Khadija Jebrani : C’est vraiment la question de l’accessibilité aussi. Les gens qui veulent s’informer correctement, ils savent que les médias indépendants existent, ils savent où aller chercher l’info. Nous, on voudrait permettre à tout le monde d’avoir accès à cette information de qualité.

(...)

La vraie question, c’est rendre l’information de qualité et l’info pluraliste réellement accessible aux Français. Assez tôt, nous nous sommes posé la question de l’intérêt d’y aller avec d’autres médias indépendants. D’ailleurs, c’est ce qu’on a déjà fait pour les box, on avait lancé des appels à d’autres médias pour qu’ils puissent profiter de ce canal de diffusion pour aussi diffuser leur contenu. Donc on avait un peu commencé avec des plus petits médias et là on s’est dit en travaillant le projet que ça allait avoir plus de sens si on pouvait mettre à disposition cette fréquence. Donc on a rencontré plein de médias comme Reporterre, StreetPress, Regards… Il y a des projets qui sont en route. Il y en a d’autres qui sont encore en négociation, on attend des retours mais il y a aussi cette volonté-là de faire vraiment rencontrer l’info indépendante au grand public et de sortir aussi de l’entre-soi intellectuel de l’info.

(...)

Vous évoquez la publicité comme nouvelle source de financement. Qu’elle est votre politique à ce sujet ?

Khadija Jebrani : Dans l’idéal, il faudrait que Le Média ait sa propre régie. Mais dans les temps impartis… c’est trop court pour monter, en plus d’une candidature TNT, un projet de régie qui nous ressemblerait et ça nous mettrait quand même en difficulté pour accéder à l’objectif. Donc là, dans un premier temps, on passe par une régie traditionnelle, parce que les régies éthiques dans le monde de la télé, ça n’existe pas ! Si on a la fréquence, peut-être dans deux ou trois ans, on arrivera à monter une régie éthique, mais pour le moment, il faut faire avec le marché…
Bertrand Bernier : Dans certains domaines, pour l’armement ou le pétrole par exemple, ça m’étonnerait qu’on ait des pubs ! Mais après, on ne va pas chercher dans le détail de chaque entreprise qui ne serait pas parfaitement éthique, je ne pense pas qu’on puisse se le permettre, en tout cas au début du Média

. (...)

Ne craignez-vous pas d’être impactés par les conséquences qu’impliquent la publicité et le poids que peuvent prendre, directement ou indirectement, les annonceurs sur les contenus éditoriaux ?
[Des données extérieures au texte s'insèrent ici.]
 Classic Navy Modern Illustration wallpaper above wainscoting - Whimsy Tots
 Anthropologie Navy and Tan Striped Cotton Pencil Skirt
Théophile Kouamouo : Le Média apporte une garantie. Il y a peu de médias, notamment audiovisuels, où la rédaction a des garanties d’indépendance telles que chez nous. Effectivement, il y a une rédaction en chef qui dirige toute la rédaction, mais il y a ce qu’on appelle le comité éditorial, c’est-à-dire que ce sont les journalistes qui peuvent se réunir et puis mettre leur voix au centre de la discussion. Ils peuvent censurer des options. Il y a la société des journalistes qui est aussi indépendante et il y a un directoire et un conseil de surveillance qui est lié par un manifeste, etc. Donc effectivement, a priori, on va essayer de rejeter la publicité qui sera la plus clairement contraire à nos valeurs, mais les mécanismes d’indépendance rédactionnelles, éditoriales sont quand même assez forts et le fait d’une contrainte coopérative ça rend les choses différentes : il n’y a pas de grand patron qui impose sa volonté.